Un coup de coeur de Isabelle P.
La vie de la mère de Didier Eribon est celle d’une femme comme beaucoup d’autres de sa génération de l’avant-guerre, structurée, cadrée, corsetée, confinée, contenue dans un monde social dominé par les hommes : abandonnée par son père puis par sa mère, mariée à 20 ans à un homme qu’elle n’aimera pas mais qu’elle ne quittera jamais, mère très jeune d’une famille nombreuse, femme de ménage puis ouvrière. Son décès survenu en 2017 suit, quant à lui, la destinée des hommes et des femmes âgé.e.s de notre époque : elle meurt ainsi peu de temps après son entrée dans un Ehpad.
En retraçant le parcours de sa mère et surtout son entrée en maison de retraite, Didier Eribon explore cette ultime étape qu’est la vieillesse et la discrimination qu’elle engendre. Comme Simone de Beauvoir avant lui dans son grand essai qu’est La Vieillesse, Didier Eribon met à son tour en lumière une population véritablement mise au ban de la société, écartée du champ politique, social et même affectif. Le grand sociologue de la discrimination découvre ainsi une autre forme d’exclusion celle que notre société impose à ses aînés.
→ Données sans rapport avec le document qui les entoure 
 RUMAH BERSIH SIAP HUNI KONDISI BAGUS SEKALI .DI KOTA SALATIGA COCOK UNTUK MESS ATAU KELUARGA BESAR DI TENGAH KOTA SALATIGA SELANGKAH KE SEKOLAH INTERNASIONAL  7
Alliant une pudeur qui ne transige jamais avec la sincérité, Didier Eribon poursuit cette auto-analyse qu’il avait débutée une dizaine d'années plus tôt. Pour mieux en saisir toute l’âpre réalité, il convoque la plume des romanciers comme John Coetzee, Maryse Condé, Philippe Roth, Yasushi Inoué, Annie Ernaux ou encore Samuel Beckett qui expriment avec une rare puissance la gravité de ces derniers moments qui transforment toute vie en destin. De cette période douloureuse enchevêtrée de sentiments contraires, Didier Eribon à la fois nous livre un récit d’une grande humanité et redonne une voix critique et audible à ceux que l’on n’écoute plus.